What Gary Turk should have done to make his “poetic” video 1000% better – is to single out the “offenders” more specifically.
I for one, will use the mobile device occasionally too. To make phone calls. A photo in a pinch. A text to a friend. Check 411 email. Pretty standard stuff.
But the people that have all but become CONSUMED by the #1 offender FACEBOOK need to look within to figure out what it is that they cannot (or care not to) make eye-contact with other human beings. That scene from the video above – where the girl sits down at the bus stop – while a dramatic re-enactment – was SPOT ON in terms of how it looks in the real world. People measure “eye contact time” now in tenths of a second. That is how little recognition and observation people give these days. It’s almost insulting to get viewed, “sized-up,” and judged by some narcissistic freak in less than one second. Karma goes both ways, bitches!
His video should have been more specific to the main reason people are absorbed. Facebook, I have to admit, was (and still is) a brilliant sociopathic clusterfuck. Like a perfect storm of technology, human psychology, and marketing all in one – and at the right time (for FB “insiders…”)
“Need” – “Want” – or “I have no fucking clue?”
Here’s an experiment for you. I doubt ANY of you would do this.
But leave your phone at home. As hard as that may be (harder the younger you are). Sit at a bus stop in Hoboken. Or stand on a corner with a friend. Stay there for a couple hours (without getting an annuerism from no social network updates).
The first hour for those “addicted,” will feel strange. You’ll feel almost “naked.” Don’t worry – the feeling will pass.

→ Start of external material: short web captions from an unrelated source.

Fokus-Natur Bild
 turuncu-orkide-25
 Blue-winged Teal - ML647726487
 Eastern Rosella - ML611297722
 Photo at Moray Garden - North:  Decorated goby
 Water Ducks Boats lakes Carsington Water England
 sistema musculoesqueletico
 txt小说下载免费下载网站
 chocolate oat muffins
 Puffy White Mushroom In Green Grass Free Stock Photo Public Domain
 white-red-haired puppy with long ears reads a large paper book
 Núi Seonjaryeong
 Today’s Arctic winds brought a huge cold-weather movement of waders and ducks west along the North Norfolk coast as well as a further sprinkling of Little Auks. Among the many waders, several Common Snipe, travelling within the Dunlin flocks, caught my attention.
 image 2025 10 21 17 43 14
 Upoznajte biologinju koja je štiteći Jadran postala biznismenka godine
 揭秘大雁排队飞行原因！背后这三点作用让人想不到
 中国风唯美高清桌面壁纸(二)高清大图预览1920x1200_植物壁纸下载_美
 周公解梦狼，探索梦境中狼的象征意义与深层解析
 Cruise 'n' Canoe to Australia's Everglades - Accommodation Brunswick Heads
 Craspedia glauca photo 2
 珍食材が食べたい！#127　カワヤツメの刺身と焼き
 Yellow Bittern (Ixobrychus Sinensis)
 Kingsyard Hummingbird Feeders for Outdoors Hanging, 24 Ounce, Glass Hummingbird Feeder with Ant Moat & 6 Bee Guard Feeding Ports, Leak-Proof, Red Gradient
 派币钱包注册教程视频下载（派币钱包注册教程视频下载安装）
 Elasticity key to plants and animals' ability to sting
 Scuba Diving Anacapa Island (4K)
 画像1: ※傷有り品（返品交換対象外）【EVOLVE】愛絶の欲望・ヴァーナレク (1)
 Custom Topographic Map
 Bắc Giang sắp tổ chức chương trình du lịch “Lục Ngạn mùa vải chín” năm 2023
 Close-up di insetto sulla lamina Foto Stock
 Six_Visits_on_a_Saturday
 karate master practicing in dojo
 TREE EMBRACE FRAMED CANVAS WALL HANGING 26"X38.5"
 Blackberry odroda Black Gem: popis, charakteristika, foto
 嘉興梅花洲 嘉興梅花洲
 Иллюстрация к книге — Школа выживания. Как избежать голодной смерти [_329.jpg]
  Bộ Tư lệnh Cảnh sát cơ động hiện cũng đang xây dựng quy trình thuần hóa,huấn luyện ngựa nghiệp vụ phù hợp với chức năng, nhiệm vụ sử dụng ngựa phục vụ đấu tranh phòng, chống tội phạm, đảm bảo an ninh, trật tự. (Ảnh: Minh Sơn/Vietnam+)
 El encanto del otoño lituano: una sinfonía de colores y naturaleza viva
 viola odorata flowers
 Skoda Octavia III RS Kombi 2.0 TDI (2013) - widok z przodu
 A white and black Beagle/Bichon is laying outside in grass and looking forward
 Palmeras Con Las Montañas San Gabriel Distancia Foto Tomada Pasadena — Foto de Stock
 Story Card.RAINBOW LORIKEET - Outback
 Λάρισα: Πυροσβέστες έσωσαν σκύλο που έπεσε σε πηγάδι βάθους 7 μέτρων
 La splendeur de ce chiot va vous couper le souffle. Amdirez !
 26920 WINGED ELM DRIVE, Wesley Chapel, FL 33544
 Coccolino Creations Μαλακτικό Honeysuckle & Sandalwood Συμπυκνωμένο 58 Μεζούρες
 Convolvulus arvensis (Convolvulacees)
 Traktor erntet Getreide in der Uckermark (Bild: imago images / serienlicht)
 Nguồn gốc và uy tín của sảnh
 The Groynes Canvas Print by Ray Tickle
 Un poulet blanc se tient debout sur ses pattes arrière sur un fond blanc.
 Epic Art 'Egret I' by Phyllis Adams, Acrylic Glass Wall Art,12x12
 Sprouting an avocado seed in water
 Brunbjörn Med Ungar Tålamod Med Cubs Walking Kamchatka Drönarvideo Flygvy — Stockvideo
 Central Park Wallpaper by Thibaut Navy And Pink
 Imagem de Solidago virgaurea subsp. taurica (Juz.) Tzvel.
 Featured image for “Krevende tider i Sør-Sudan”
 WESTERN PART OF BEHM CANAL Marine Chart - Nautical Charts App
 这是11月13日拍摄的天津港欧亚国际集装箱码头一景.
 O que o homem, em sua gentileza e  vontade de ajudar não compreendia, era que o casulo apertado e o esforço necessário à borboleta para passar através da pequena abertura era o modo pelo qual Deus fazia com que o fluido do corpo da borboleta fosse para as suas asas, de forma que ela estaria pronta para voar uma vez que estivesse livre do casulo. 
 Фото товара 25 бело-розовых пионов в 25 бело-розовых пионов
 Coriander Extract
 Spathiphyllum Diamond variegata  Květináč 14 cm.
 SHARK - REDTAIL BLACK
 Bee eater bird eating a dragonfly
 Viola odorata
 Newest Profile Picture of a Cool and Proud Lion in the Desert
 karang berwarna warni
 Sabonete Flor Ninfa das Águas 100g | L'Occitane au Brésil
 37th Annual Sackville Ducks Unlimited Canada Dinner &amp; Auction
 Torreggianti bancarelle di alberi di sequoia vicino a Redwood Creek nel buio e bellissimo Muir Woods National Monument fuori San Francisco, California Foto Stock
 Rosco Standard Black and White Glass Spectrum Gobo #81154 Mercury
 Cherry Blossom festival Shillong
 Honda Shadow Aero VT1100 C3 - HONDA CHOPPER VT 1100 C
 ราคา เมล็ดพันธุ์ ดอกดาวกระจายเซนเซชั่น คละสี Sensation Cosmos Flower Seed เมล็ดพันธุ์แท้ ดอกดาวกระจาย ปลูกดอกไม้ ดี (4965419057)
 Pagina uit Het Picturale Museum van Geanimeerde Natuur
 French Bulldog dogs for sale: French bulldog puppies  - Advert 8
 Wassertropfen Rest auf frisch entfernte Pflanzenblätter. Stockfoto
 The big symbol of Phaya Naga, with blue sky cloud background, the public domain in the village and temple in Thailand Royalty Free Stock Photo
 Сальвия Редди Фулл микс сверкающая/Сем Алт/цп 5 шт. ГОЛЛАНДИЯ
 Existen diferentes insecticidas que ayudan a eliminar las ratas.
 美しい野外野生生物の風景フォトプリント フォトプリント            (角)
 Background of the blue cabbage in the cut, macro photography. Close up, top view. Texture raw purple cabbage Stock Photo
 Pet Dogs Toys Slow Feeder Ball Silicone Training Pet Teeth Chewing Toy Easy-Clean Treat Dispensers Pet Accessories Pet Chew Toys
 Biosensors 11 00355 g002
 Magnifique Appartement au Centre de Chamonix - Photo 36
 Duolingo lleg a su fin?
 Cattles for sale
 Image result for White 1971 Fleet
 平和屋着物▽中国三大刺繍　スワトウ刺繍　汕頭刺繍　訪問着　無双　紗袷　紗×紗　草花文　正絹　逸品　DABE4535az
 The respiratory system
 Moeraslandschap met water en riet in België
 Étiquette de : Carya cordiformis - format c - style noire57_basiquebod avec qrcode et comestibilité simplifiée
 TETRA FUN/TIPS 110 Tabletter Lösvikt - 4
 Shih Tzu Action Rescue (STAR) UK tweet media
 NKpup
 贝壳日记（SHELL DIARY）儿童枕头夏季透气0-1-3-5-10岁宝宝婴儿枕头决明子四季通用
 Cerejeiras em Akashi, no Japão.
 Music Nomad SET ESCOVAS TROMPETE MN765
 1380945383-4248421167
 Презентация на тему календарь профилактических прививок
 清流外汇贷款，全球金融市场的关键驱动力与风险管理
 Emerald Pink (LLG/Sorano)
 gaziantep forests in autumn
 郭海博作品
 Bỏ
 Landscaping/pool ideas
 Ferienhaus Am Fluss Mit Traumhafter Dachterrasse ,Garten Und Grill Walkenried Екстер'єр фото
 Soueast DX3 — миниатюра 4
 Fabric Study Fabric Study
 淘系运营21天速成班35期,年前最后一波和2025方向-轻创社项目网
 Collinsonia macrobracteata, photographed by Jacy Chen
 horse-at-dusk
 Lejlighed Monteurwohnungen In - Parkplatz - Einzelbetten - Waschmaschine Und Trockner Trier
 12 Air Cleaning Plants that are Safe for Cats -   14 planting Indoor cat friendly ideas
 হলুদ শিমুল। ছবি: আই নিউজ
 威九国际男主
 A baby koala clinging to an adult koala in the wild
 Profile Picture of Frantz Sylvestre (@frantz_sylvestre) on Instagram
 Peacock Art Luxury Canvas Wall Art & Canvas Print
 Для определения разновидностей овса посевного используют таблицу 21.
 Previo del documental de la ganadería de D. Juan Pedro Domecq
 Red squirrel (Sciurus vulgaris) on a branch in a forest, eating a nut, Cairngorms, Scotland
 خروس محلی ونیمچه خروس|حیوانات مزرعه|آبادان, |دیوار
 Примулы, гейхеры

As your second hour arrives, you’ll actually feel less burdened. You’ll feel more at home in your environment. Amazing how fast it works, right? Although many of you may not even make it this long – and will rush home to refresh to find your latest “can’t miss” update. (Without wondering how people survived before this…)
But those who’ve endured – will start seeing an amazing TREND. A majority of people that pass you by on the streets of Hoboken will:
- Have headphones on (automatic “don’t talk to me mother fucker!” look too)
- Be heads down looking at phone display
And in general this trend gravitates towards younger people – and is profoundly lesser the older you get.
Final thought: Not the phone – but how you use it
Like I already said – the creator of this video “generalized” phones – not how you use them.
I don’t think you need to leave your phone HOME whatsoever.
What people SHOULD do is uninstall or DELETE the time-wasting SOCIAL apps like Facebook, Twitter, Instagram, Yelp, FourSquare, and the 1000′s of other useless bullshit programs that really don’t add much true value to your lives. The phone itself is actually a fairly helpful device slash pocket-computer if used in a sensible way.
There are programs that could be deemed useful in a case of a true NEED. But superficial digital social networking (which essentially boils down to “bull-shitting in the Matrix”), is not a need for anyone. I don’t care how many kittens are saved, or plastic bags are recycled. It does more harm, divides more people, and creates more societal chaos than ever.
Keep the phone. Dump the social bullshit.